> What the task asks: Copy, word for word, the lines below from the one containing "Appartement Overlooking The" up to and including the one containing "左小青太丰满了，穿小白裙都兜不住好身材，我感慨资本果然会选人.", with pictures left out.

> Supplied data:

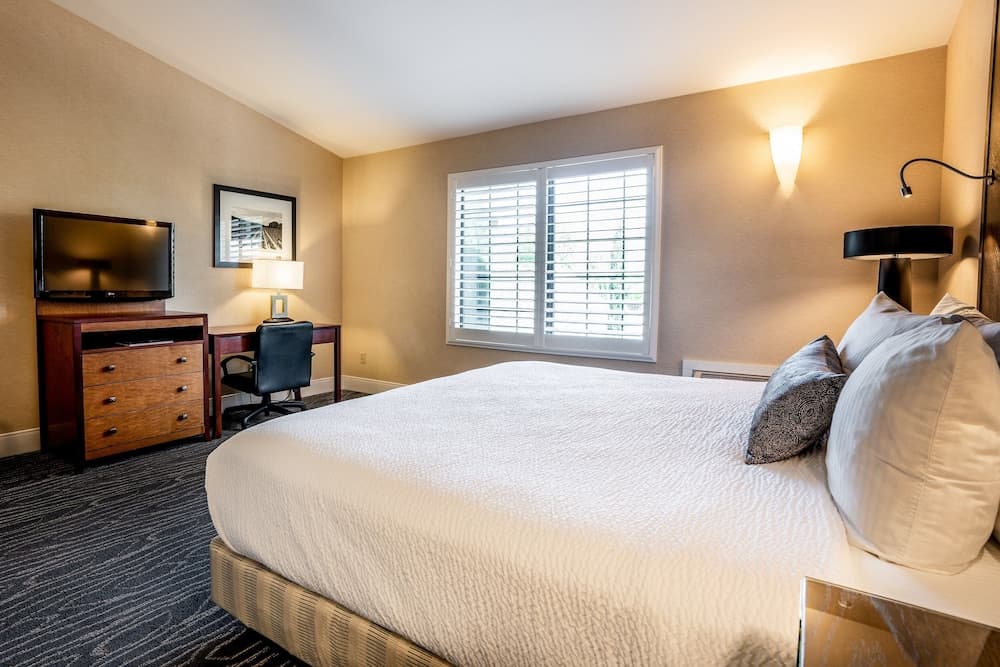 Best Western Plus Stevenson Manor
==
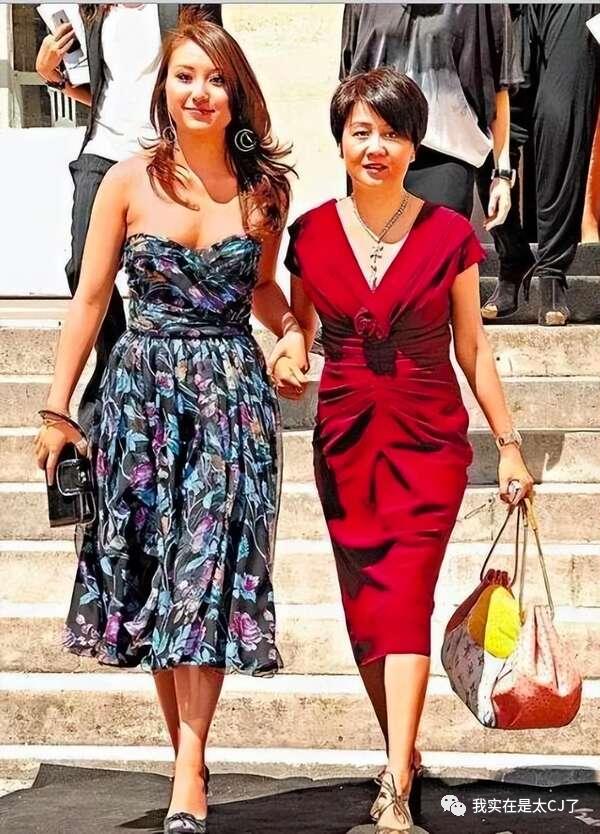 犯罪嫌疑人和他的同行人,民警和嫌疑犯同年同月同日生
...
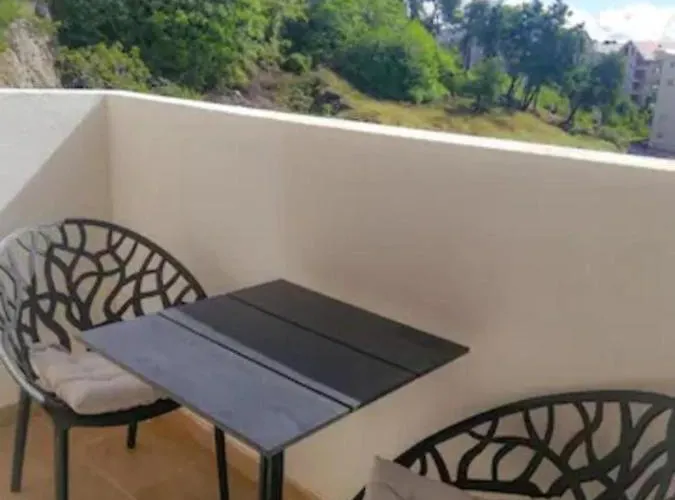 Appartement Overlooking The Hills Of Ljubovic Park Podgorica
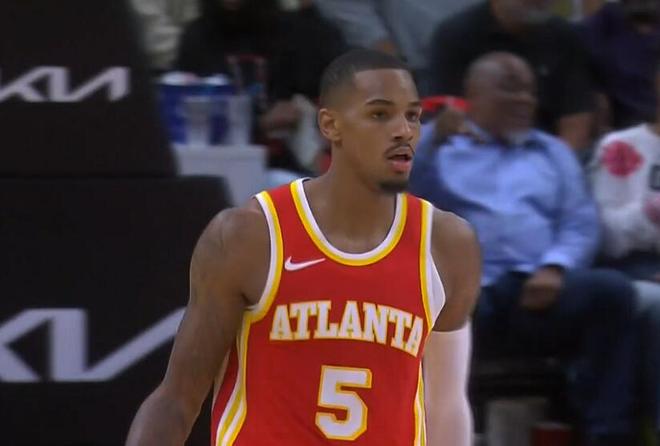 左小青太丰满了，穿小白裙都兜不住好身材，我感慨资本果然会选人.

> Exercise answer:
 Appartement Overlooking The Hills Of Ljubovic Park Podgorica
 左小青太丰满了，穿小白裙都兜不住好身材，我感慨资本果然会选人.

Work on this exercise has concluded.